Your answer must restate each entry below word for word, with no pictures in it.

── Source information ──

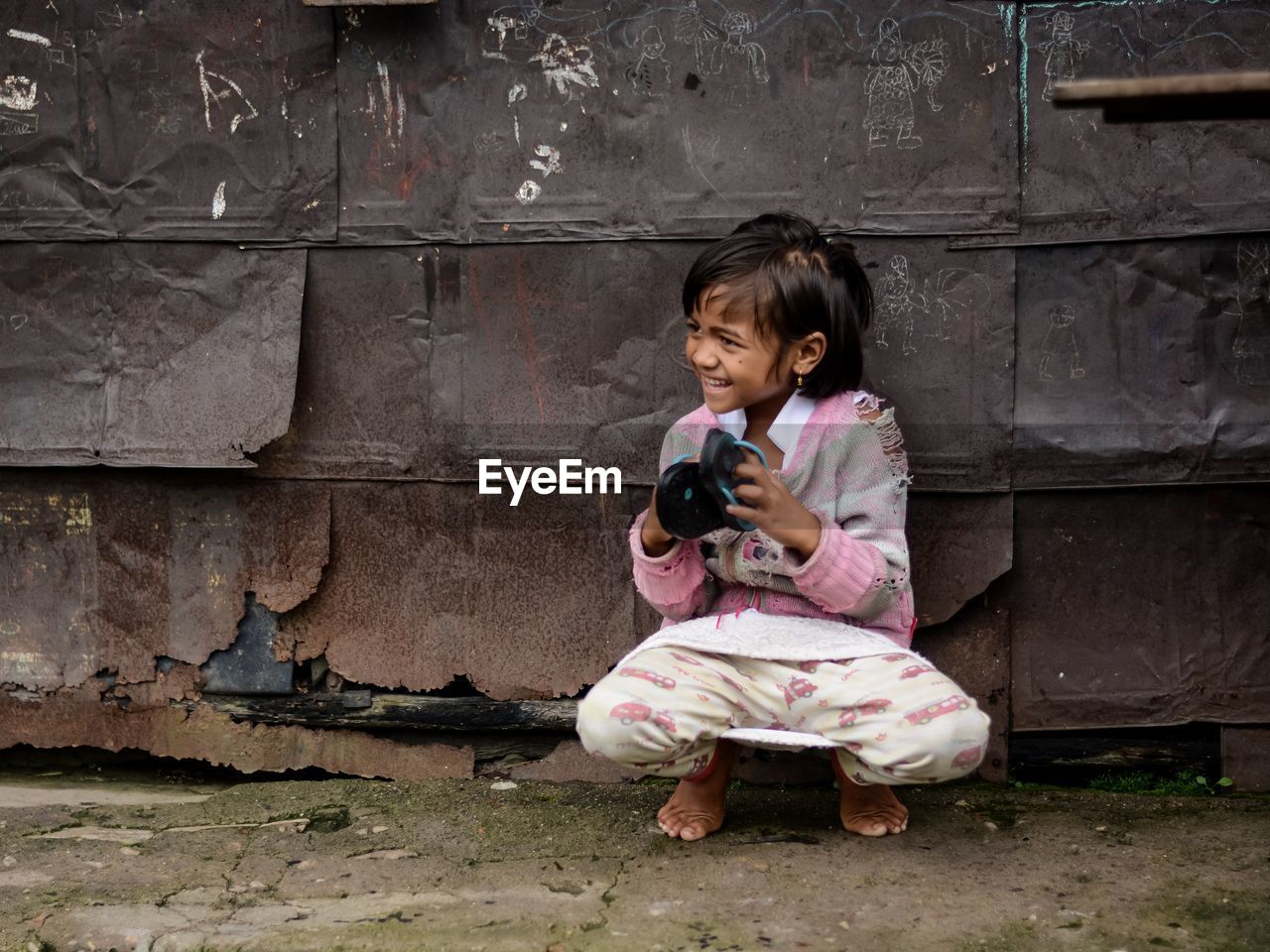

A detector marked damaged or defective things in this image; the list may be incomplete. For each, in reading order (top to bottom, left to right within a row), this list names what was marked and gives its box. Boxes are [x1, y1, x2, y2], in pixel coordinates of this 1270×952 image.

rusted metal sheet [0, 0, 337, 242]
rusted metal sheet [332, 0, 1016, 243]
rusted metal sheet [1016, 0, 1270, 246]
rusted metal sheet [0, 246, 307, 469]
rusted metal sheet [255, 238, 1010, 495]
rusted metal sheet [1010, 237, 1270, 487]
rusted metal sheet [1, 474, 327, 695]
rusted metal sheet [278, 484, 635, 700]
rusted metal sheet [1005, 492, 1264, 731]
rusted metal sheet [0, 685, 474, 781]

───

▶ Written solution
A detector marked damaged or defective things in this image; the list may be incomplete. For each, in reading order (top to bottom, left to right within a row), this list names what was marked and gives its box. Boxes are [x1, y1, x2, y2], in pixel coordinates of this 1270×952 image.

rusted metal sheet [0, 0, 337, 242]
rusted metal sheet [332, 0, 1016, 243]
rusted metal sheet [1016, 0, 1270, 246]
rusted metal sheet [0, 246, 307, 469]
rusted metal sheet [255, 238, 1010, 495]
rusted metal sheet [1010, 237, 1270, 487]
rusted metal sheet [1, 474, 327, 695]
rusted metal sheet [278, 484, 635, 700]
rusted metal sheet [1005, 492, 1264, 731]
rusted metal sheet [0, 685, 474, 781]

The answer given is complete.